*WHAT NEEDS TO BE DONE*.
From the line that holds "Vitamin D 5,000 IU - 120 count" to the end of the records, reproduce every line exactly. No pictures.

*DATASET RECORDS*.

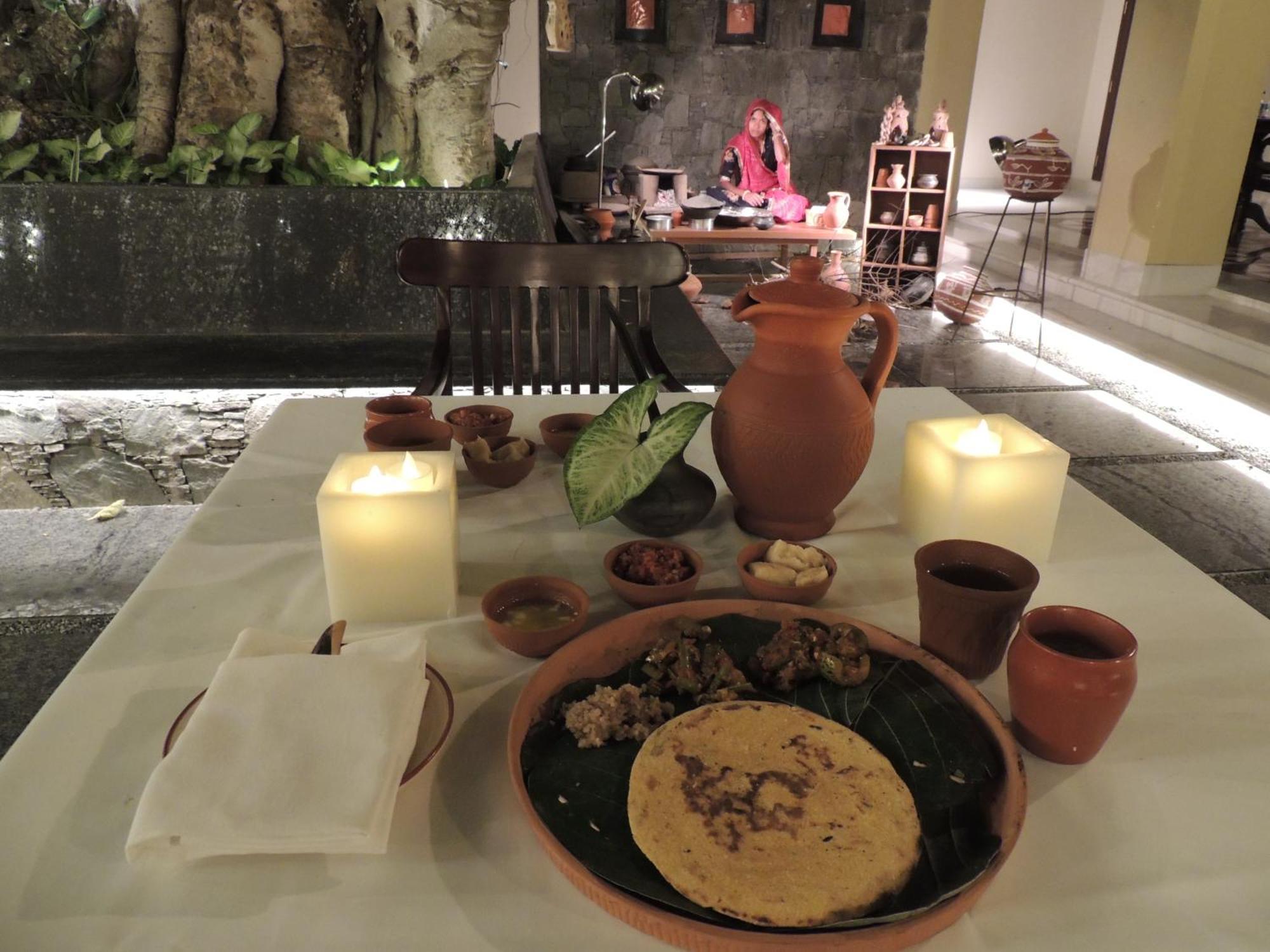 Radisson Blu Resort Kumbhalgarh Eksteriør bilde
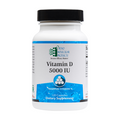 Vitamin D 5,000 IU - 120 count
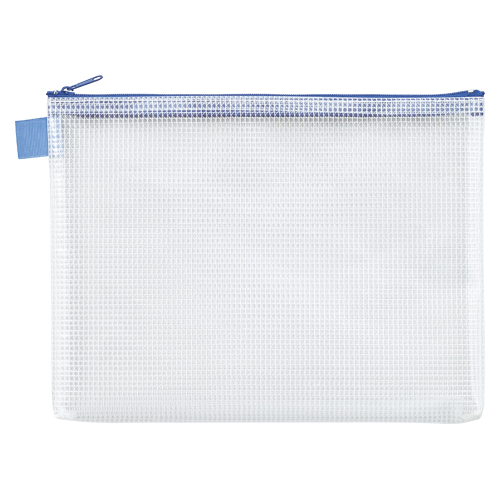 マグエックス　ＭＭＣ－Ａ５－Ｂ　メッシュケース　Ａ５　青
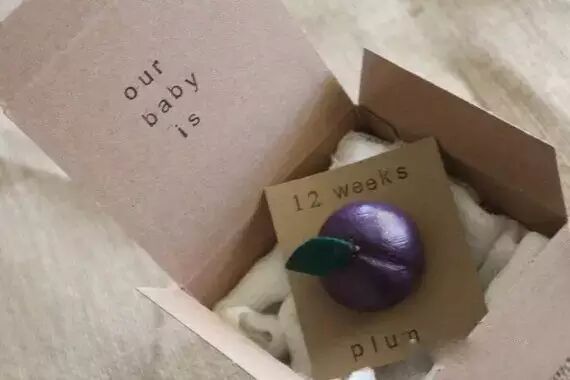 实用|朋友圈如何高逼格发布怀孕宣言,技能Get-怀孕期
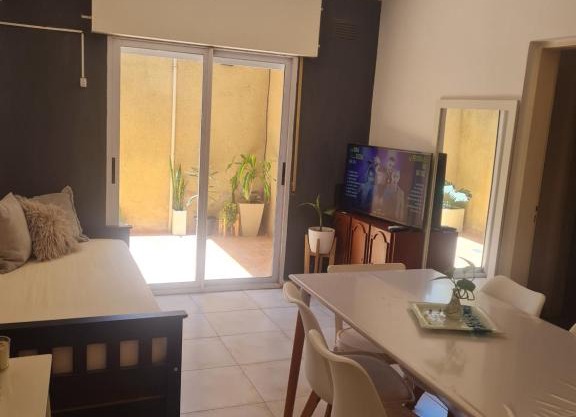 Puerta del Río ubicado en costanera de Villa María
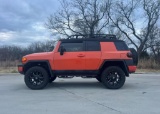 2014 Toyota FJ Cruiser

*ANSWER SECTION*.
 Vitamin D 5,000 IU - 120 count
 マグエックス　ＭＭＣ－Ａ５－Ｂ　メッシュケース　Ａ５　青
 实用|朋友圈如何高逼格发布怀孕宣言,技能Get-怀孕期
 Puerta del Río ubicado en costanera de Villa María
 2014 Toyota FJ Cruiser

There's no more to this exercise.